Loading CoverType Dataset

Predicting forest cover type from cartographic variables only (no remotely sensed data). The actual forest cover type for a given observation (30 x 30 meter cell) was determined from US Forest Service (USFS) Region 2 Resource Information System (RIS) data. Independent variables were derived from data originally obtained from US Geological Survey (USGS) and USFS data. Data is in raw form (not scaled) and contains binary (0 or 1) columns of data for qualitative independent variables (wilderness areas and soil types).

This study area includes four wilderness areas located in the Roosevelt National Forest of northern Colorado. These areas represent forests with minimal human-caused disturbances, so that existing forest cover types are more a result of ecological processes rather than forest management practices.

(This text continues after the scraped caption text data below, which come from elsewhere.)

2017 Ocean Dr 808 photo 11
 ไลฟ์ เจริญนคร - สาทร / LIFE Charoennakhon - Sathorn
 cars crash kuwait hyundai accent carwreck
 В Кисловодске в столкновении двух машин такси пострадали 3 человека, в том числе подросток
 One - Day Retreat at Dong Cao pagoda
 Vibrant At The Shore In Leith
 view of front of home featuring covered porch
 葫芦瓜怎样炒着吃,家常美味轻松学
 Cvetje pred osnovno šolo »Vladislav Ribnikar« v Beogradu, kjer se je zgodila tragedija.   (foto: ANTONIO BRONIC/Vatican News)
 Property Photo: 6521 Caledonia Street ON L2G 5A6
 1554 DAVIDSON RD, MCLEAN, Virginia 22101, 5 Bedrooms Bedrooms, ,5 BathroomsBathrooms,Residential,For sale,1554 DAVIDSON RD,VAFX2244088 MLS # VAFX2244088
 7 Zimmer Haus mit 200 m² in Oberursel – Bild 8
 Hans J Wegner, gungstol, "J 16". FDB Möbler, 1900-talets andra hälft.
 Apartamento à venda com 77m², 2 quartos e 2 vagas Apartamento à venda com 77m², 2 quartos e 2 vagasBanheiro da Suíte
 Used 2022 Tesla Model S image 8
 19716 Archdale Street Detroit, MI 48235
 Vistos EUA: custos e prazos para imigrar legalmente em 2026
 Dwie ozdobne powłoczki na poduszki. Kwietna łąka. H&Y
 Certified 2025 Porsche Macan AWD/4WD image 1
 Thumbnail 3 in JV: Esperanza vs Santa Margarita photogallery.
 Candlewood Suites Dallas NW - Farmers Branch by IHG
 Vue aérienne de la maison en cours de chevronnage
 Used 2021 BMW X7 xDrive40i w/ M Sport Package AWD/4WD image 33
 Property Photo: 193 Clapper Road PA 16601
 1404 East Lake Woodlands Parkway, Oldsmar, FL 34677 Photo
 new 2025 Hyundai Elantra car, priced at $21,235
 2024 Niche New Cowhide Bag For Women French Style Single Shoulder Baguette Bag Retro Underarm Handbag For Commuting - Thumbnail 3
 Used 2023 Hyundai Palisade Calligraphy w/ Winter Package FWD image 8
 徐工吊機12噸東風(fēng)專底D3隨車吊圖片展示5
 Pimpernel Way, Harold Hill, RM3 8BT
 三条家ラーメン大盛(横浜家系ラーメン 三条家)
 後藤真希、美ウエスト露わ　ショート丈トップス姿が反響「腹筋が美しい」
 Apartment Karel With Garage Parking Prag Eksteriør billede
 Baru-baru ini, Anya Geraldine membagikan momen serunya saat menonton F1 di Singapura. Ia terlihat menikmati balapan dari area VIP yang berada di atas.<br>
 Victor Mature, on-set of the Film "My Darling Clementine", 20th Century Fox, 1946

It is from UCI ML Repository

BASE_DIR = Path.home().joinpath("data")
datafile = BASE_DIR.joinpath("covtype.data.gz")
datafile.parent.mkdir(parents=True, exist_ok=True)
url = "https://archive.ics.uci.edu/ml/machine-learning-databases/covtype/covtype.data.gz"
if not datafile.exists():
    import wget

    wget.download(url, datafile.as_posix())

target_name = "Covertype"

cat_col_names = [
    "Wilderness_Area1",
    "Wilderness_Area2",
    "Wilderness_Area3",
    "Wilderness_Area4",
    "Soil_Type1",
    "Soil_Type2",
    "Soil_Type3",
    "Soil_Type4",
    "Soil_Type5",
    "Soil_Type6",
    "Soil_Type7",
    "Soil_Type8",
    "Soil_Type9",
    "Soil_Type10",
    "Soil_Type11",
    "Soil_Type12",
    "Soil_Type13",
    "Soil_Type14",
    "Soil_Type15",
    "Soil_Type16",
    "Soil_Type17",
    "Soil_Type18",
    "Soil_Type19",
    "Soil_Type20",
    "Soil_Type21",
    "Soil_Type22",
    "Soil_Type23",
    "Soil_Type24",
    "Soil_Type25",
    "Soil_Type26",
    "Soil_Type27",
    "Soil_Type28",
    "Soil_Type29",
    "Soil_Type30",
    "Soil_Type31",
    "Soil_Type32",
    "Soil_Type33",
    "Soil_Type34",
    "Soil_Type35",
    "Soil_Type36",
    "Soil_Type37",
    "Soil_Type38",
    "Soil_Type39",
    "Soil_Type40",
]

num_col_names = [
    "Elevation",
    "Aspect",
    "Slope",
    "Horizontal_Distance_To_Hydrology",
    "Vertical_Distance_To_Hydrology",
    "Horizontal_Distance_To_Roadways",
    "Hillshade_9am",
    "Hillshade_Noon",
    "Hillshade_3pm",
    "Horizontal_Distance_To_Fire_Points",
]

feature_columns = num_col_names + cat_col_names + [target_name]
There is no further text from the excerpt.